Das historische Novum, die Befehlshaber persönlich und ungeachtet der in ihrem Land herrschenden Gesetze für auf ihr Geheiß begangene Verbrechen haftbar zu machen, kündigten die Alliierten schon 1943 an. Weshalb das vom ungarischen Exilanten André De Toth realisierte Gerichtsdrama „None Shall Escape” dem US-amerikanischen Publikum bereits 1944 einen Nazi vor Gericht präsentieren konnte: Stellvertretend für das „Dritte Reich” ist der Nazikommandant Wilhelm Grimm angeklagt, dessen Werdegang vom gedemütigten Veteranen des Ersten Weltkriegs zum schneidigen Nazibefehlshaber, der die Bewohner eines polnischen Dorfes erst ausnehmen und dann massakrieren lässt, in Form von rückblendenden Zeugenaussagen geschildert wird.

In seinen heute teils naiv wirkenden Herleitungen lässt der Film zwar keinen Zweifel daran, dass Nazis vor Gericht gehören; doch machen sich in diesem „Nürnberg-Film vor Nürnberg” auch erste Anzeichen einer abwägenden Haltung bemerkbar, die sich dafür interessiert, warum und unter welchen Bedingungen jemand zum Nazi wird. Dies expliziert sich vor allem in der Figur eines Ziehsohns, der sich von Grimm faszinieren lässt, dessen rechte Hand wird, doch schließlich im dramatischen Konflikt seine Menschlichkeit wiederfindet. Grimm hingegen ist die ewig unbelehrbare Bestie: Wenn er am Ende von der Ewigkeit des deutschen Kampfs schwadroniert, haftet dem angesichts der heutigen Dummköpfe aus dem Milieu der „besorgten Bürger” etwas Gespenstisches an.

Im 1959 vergleichsweise lange nach den Nürnberger Prozessen entstandenen, gekonnt mit den Mitteln der grellen Kolportage spielenden „Verboten!” (24. 11.) wirft Sam Fuller, der große Poet beherzter B-Movie-Unsubtilität und seines Zeichens selbst Weltkriegsveteran, einen ganz eigenen Blick auf die Problemlage im frischen Kapitulations-Deutschland: Wie unterscheiden zwischen Nazis, opportunistischen Liebkind-Machern und aufrichtigen Widerstandskämpfern? Wie umgehen mit der frisch entzahnten Bestie Nazideutschland, in dessen Untergrund noch manch Hitler-Treuer vom Endsieg träumt? Worauf sich persönlich einlassen?

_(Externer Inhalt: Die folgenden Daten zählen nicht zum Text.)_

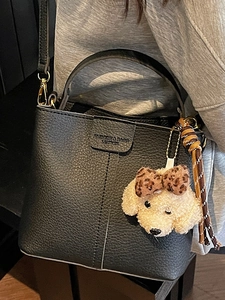 Elegante borsa a secchiello in pelle nera con manico e ciondolo a forma di cane di peluche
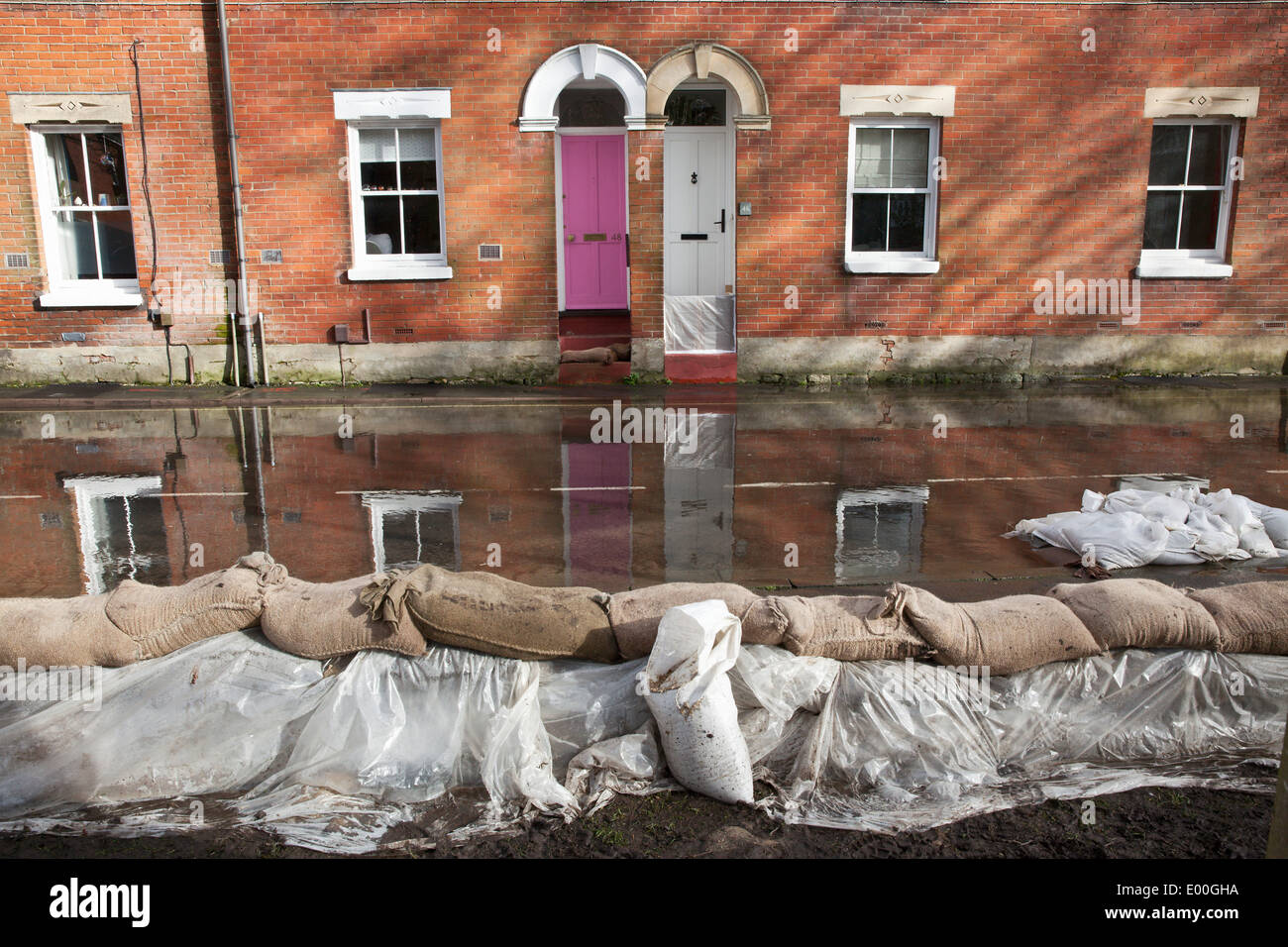 Flooded street in Winchester, Hampshire, England, UK. Flooding is becoming more frequent with climate change. Stock Photo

Der Zweite Weltkrieg reicht weit über die deutsche Kapitulation hinaus

Die Nürnberger Prozesse dienen hier als pädagogisch-heilsame Maßnahme: Ein deutscher Junge, der unter den Einfluss einer Naziterrorgruppe geraten ist, sieht sich erstmals mit den Naziuntaten konfrontiert, entsagt dem Widerstand und trägt zu dessen Zerschlagung bei.

Wie überhaupt richten, fragt sich schließlich Marcel Ophüls im vierstündigen Essay-Dokumentarfilm „The Memory of Justice” von 1976 (22. 11.), ein Glücksfall jüngerer Archiv- und Restaurationsarbeit, galt dieses Dokument einer eingehenden Betrachtung und Überprüfung der moralischen Kategorien der zweiten Hälfte des 20. Jahrhunderts doch seit langem als verloren. Die Nürnberger Prozesse werden dabei selbst zum Maßstab für die anklagenden Parteien: Kann sich ein Land danach noch Vietnam leisten, ohne seine Integrität zu verlieren? Der Zweite Weltkrieg, so viel steht fest, strahlt bis heute fort.